Thanks for the Sundance Film Festival best of show!LOL  Very good video.


----------



## sandyman (Apr 13, 2008)

Jelle Mees said:


> First impression:
> - Good framerate
> - No shadows in cutscenes
> - Voices are not loud enough
> ...



I think you can change the volume of the voices in

C:\Users\USERNAME\AppData\Roaming\Ubisoft\Assassin's Creed\DARE.INI

open that and change the NB_AUDIBLE_VOICES i think!


----------



## JRMBelgium (Apr 13, 2008)

sandyman said:


> I think you can change the volume of the voices in
> 
> C:\Users\USERNAME\AppData\Roaming\Ubisoft\Assassin's Creed\DARE.INI
> 
> open that and change the NB_AUDIBLE_VOICES i think!



Thanks.

Here you can view a high-quality youtube video:
http://www.youtube.com/watch?v=AiGNB7SAnJU&fmt=18


----------



## CrackerJack (Apr 14, 2008)

Jelle Mees said:


> First impression:
> - Good framerate
> - No shadows in cutscenes
> - Voices are not loud enough
> ...



i got better frames in xp, it was more playable then vista.


----------



## CrAsHnBuRnXp (Apr 14, 2008)

Jelle Mees said:


> Thanks.
> 
> Here you can view a high-quality youtube video:
> http://www.youtube.com/watch?v=AiGNB7SAnJU&fmt=18



I like how they knock you off the building but you fall right into the hay.


----------



## Mussels (Apr 14, 2008)

because the game is a console port, its locked to widescreen (16:9) ratio.

That means unless you're using a HDTV, you will have bars.

The game has extra bonus levels after you complete teh game - havent seen them yet, but i noticed them there in the animus.

Game runs fun for me maxed out with 'level 1' AA inDX10 at 1360x768 - looks good.


----------



## JRMBelgium (Apr 14, 2008)

ghost101 said:


> Hey, could you please tell me what the track is called.
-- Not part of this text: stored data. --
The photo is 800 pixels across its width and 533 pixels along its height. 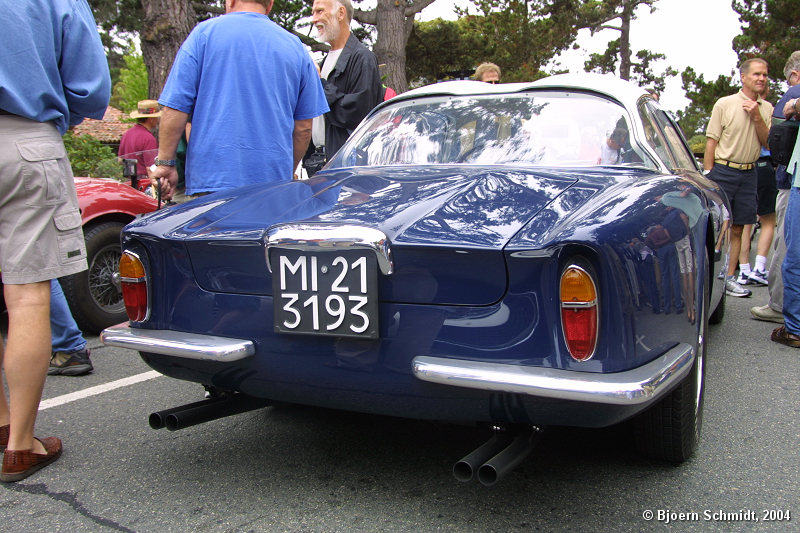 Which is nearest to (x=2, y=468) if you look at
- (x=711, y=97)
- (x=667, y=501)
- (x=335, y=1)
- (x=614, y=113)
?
(x=667, y=501)

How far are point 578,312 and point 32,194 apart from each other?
1950 millimetres

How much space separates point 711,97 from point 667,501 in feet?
68.6

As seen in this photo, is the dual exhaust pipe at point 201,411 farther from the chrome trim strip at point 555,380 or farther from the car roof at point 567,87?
the car roof at point 567,87

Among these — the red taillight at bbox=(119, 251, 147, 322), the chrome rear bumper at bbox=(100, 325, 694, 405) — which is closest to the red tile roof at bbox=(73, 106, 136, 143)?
the red taillight at bbox=(119, 251, 147, 322)

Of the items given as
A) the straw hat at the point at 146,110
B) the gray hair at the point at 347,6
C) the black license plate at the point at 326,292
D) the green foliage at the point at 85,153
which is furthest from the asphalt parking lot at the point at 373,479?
the green foliage at the point at 85,153

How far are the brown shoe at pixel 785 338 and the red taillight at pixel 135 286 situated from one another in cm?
379

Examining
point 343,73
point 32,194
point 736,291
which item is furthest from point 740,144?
point 32,194

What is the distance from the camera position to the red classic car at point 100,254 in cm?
449

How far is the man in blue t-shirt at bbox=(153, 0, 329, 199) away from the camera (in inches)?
131

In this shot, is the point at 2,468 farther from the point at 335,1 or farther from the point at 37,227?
the point at 335,1

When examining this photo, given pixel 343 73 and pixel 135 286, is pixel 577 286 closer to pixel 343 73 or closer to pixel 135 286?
pixel 135 286

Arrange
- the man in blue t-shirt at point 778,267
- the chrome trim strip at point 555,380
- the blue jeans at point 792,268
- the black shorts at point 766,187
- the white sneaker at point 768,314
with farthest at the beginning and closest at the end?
the black shorts at point 766,187 < the white sneaker at point 768,314 < the man in blue t-shirt at point 778,267 < the blue jeans at point 792,268 < the chrome trim strip at point 555,380

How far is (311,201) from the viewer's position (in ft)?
7.76

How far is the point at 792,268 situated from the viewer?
4.30m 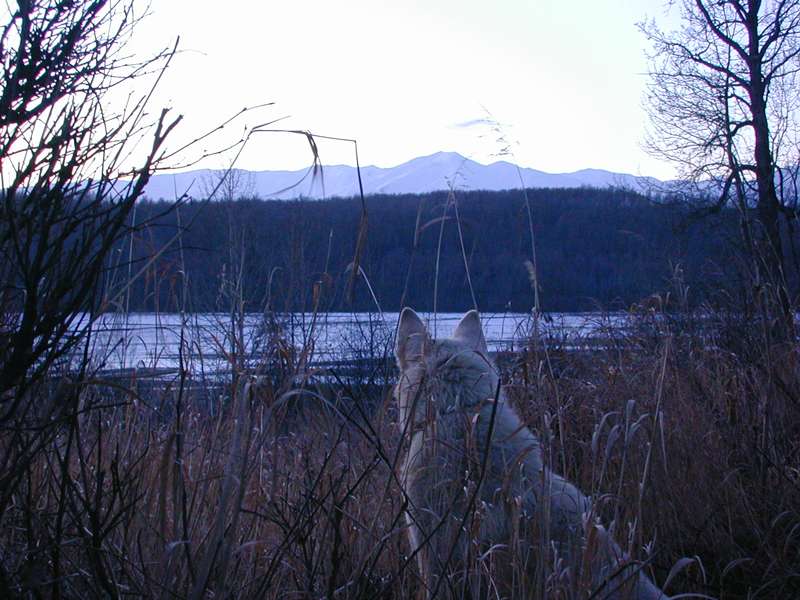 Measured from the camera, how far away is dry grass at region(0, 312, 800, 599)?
1.76 meters

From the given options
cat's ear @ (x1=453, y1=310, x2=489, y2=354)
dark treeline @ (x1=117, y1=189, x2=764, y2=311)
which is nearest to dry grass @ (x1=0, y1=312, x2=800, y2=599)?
cat's ear @ (x1=453, y1=310, x2=489, y2=354)

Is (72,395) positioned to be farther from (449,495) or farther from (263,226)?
(263,226)

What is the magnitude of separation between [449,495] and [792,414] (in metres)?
2.53

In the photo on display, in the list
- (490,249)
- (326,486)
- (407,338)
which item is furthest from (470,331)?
(490,249)

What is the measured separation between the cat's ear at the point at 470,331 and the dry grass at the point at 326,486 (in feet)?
0.98

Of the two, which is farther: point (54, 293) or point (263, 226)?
point (263, 226)

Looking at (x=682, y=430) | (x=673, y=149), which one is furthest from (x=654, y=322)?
(x=673, y=149)

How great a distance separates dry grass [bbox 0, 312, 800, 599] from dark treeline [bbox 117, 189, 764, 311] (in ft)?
1.85

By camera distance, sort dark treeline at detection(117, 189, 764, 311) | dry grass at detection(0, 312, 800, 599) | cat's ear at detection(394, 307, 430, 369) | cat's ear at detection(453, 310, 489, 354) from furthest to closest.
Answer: dark treeline at detection(117, 189, 764, 311) < cat's ear at detection(453, 310, 489, 354) < cat's ear at detection(394, 307, 430, 369) < dry grass at detection(0, 312, 800, 599)

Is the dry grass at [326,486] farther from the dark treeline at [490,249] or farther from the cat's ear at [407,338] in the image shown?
the dark treeline at [490,249]

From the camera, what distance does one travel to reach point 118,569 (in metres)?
2.07

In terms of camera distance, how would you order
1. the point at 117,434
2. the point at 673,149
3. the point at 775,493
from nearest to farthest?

Last time I heard it was in primary school. Loved the song.



There are two versions.

*The original one:*
Album: Artist classical 2008
Title: Adiemus
Disk: cd2
Track: 1
Composer Karl Jenkins
Length: 3 minutes 58 seconds

*The Trance version:*
Artist: Mauro Picotto
Album: ID&T Top 500
Title: Proximus
Disk: 3
Length: 3 minutes 31 seconds
Preview: http://www.youtube.com/watch?v=chNhQeVt0qg&fmt=18


----------



## JRMBelgium (Apr 14, 2008)

No problem


----------



## paybackdaman (Apr 14, 2008)

Played it on the 360 loved the game. Didn't mind the repetitiveness. And the 2 end bosses are a pain in the ass. For the one where you fight the templars i just ran around in circles and they followed me, in circles, until my health came back up then i fought until my health went to 1 and began to run in circles again until i got my health back up...took me 20 min...but i felt accomplished none the less. Hope there is a modern day sequel...


----------



## Mussels (Apr 14, 2008)

mine keeps crashing... updated to latest Nvidia drivers and now its just a crash to desktop, but its rather annoying.


----------



## imperialreign (Apr 14, 2008)

curious, is movement similar to how Splinter Cell for PC was done?  I thought that was a great port adaptation.
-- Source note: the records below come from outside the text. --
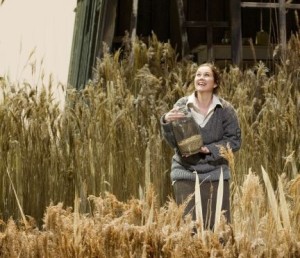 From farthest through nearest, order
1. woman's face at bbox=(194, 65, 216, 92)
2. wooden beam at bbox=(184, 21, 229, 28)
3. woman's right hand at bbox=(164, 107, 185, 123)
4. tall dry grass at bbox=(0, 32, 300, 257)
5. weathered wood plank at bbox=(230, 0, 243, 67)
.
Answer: wooden beam at bbox=(184, 21, 229, 28), weathered wood plank at bbox=(230, 0, 243, 67), tall dry grass at bbox=(0, 32, 300, 257), woman's face at bbox=(194, 65, 216, 92), woman's right hand at bbox=(164, 107, 185, 123)

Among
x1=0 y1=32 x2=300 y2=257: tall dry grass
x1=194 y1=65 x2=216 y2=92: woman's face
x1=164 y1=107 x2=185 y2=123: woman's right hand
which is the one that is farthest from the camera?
x1=0 y1=32 x2=300 y2=257: tall dry grass

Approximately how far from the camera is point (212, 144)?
14.9 ft

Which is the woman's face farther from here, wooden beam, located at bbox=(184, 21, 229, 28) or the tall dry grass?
wooden beam, located at bbox=(184, 21, 229, 28)

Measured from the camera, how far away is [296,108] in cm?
579

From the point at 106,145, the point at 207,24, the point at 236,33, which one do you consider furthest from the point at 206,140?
the point at 207,24

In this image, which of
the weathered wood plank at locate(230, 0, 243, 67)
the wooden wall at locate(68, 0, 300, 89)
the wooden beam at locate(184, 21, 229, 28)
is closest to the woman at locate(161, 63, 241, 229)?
the weathered wood plank at locate(230, 0, 243, 67)

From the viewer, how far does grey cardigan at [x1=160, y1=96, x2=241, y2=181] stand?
14.8 feet

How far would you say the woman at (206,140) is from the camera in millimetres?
4504

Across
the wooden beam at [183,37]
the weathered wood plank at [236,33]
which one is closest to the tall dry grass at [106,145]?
the weathered wood plank at [236,33]

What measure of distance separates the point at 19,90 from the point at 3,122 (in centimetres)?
31

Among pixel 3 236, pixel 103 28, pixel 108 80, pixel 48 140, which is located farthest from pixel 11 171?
pixel 103 28

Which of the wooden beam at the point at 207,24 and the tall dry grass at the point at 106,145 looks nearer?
the tall dry grass at the point at 106,145

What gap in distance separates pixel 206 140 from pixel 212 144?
42 millimetres

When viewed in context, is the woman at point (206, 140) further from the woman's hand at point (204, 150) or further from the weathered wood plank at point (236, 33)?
the weathered wood plank at point (236, 33) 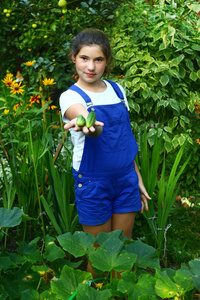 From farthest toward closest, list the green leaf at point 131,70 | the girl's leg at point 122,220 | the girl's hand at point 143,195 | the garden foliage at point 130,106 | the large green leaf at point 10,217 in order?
the green leaf at point 131,70 → the garden foliage at point 130,106 → the girl's hand at point 143,195 → the girl's leg at point 122,220 → the large green leaf at point 10,217

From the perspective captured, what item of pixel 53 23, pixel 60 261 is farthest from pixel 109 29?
pixel 60 261

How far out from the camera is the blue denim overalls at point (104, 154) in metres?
1.50

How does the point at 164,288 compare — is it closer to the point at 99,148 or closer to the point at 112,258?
the point at 112,258

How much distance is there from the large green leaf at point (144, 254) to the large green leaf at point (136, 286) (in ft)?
0.26

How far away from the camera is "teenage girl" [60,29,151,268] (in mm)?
1505

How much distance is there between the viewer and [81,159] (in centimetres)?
152

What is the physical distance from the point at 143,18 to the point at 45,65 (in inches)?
41.6

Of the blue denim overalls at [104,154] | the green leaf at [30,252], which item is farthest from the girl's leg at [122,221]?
the green leaf at [30,252]

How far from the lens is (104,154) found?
4.96 feet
Anyhow, I've been considering picking up AC, but might wait for the price to drop some


----------



## imperialreign (Apr 14, 2008)

ghost101 said:


> The reason why the fluid movement is similar in AC and SC is because they were both made by ubisoft montreal.
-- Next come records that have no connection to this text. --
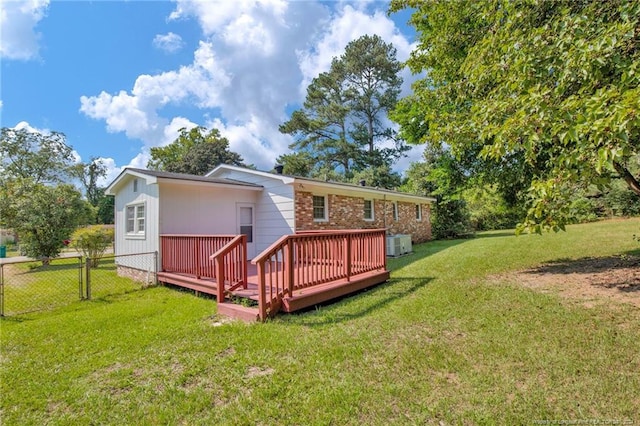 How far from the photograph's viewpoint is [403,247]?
42.3ft

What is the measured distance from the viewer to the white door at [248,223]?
10.1 metres

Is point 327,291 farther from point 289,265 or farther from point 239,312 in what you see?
point 239,312

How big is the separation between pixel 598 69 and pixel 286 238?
465 centimetres

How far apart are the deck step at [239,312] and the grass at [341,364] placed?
0.66ft

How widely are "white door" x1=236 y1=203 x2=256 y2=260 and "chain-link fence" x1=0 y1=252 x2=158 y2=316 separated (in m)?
2.78

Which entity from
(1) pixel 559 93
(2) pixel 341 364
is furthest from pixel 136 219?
(1) pixel 559 93

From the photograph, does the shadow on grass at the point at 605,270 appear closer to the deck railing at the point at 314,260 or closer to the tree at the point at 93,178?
the deck railing at the point at 314,260

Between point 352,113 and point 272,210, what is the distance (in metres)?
22.6

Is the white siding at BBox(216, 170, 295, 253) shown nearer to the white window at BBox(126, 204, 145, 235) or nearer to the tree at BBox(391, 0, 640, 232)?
the white window at BBox(126, 204, 145, 235)

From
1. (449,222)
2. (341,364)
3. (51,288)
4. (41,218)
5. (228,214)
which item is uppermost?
(41,218)

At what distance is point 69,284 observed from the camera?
349 inches

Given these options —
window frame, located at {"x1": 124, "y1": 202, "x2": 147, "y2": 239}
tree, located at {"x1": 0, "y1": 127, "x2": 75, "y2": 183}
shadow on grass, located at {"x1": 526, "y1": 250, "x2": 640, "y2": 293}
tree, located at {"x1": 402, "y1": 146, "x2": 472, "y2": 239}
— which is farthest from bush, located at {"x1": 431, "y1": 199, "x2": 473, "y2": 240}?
tree, located at {"x1": 0, "y1": 127, "x2": 75, "y2": 183}

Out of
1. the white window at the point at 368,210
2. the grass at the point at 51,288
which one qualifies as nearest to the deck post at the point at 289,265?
the grass at the point at 51,288

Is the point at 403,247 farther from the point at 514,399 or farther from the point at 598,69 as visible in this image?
the point at 514,399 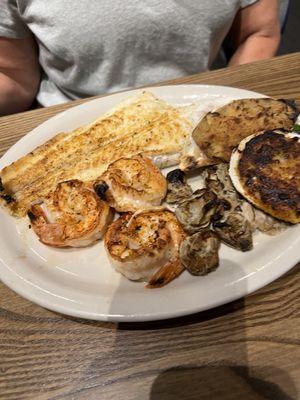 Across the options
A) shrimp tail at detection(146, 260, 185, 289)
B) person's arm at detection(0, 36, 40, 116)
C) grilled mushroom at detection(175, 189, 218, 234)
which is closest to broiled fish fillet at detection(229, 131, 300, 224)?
grilled mushroom at detection(175, 189, 218, 234)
I was just wondering if AC used the same type of movement control as SC.

I was curious, cause not all ported games are revamped in such an easy to control manner, y'know?  If in-game control was horrible, I prob wouldn't even consider picking up a copy.


----------



## JRMBelgium (Apr 14, 2008)

Controlls are fine. But it's best to use all your mouse buttons and not the keyboard...


----------



## CrackerJack (Apr 14, 2008)

i use the xbox 360 control, but that's me


----------



## Triprift (Apr 14, 2008)

Jelle Mees said:


> Thanks.
> 
> Here you can view a high-quality youtube video:
> http://www.youtube.com/watch?v=AiGNB7SAnJU&fmt=18



Another excellent video man sweet as


----------



## JC316 (Apr 15, 2008)

Picked this game up today. It kicks ass, I am very glad that I got it. I don't care about small flaws like cutscene shadows, the core gameplay rocks.


----------



## das müffin mann (Apr 15, 2008)

but 40 bucks i've spent, excellent game i don't regret it at all truly one of the best games i've played in a long time

its got the story, game play, and the graphics, definitely one of those games to buy, even if you have the special demo


----------



## JC316 (Apr 15, 2008)

das müffin mann said:


> but 40 bucks i've spent, excellent game i don't regret it at all truly one of the best games i've played in a long time
> 
> its got the story, game play, and the graphics, definitely one of those games to buy, even if you have the special demo




Agreed 100%. I think that Crysis and Bioshock still win the GOTY, but this is still a close third. I  cant seem to put the game down......


----------



## Triprift (Apr 15, 2008)

Lol and id be happy just to play it accordin to minimum specs my lappy wont even run it.


----------



## JRMBelgium (Apr 15, 2008)

Triprift said:


> Lol and id be happy just to play it accordin to minimum specs my lappy wont even run it.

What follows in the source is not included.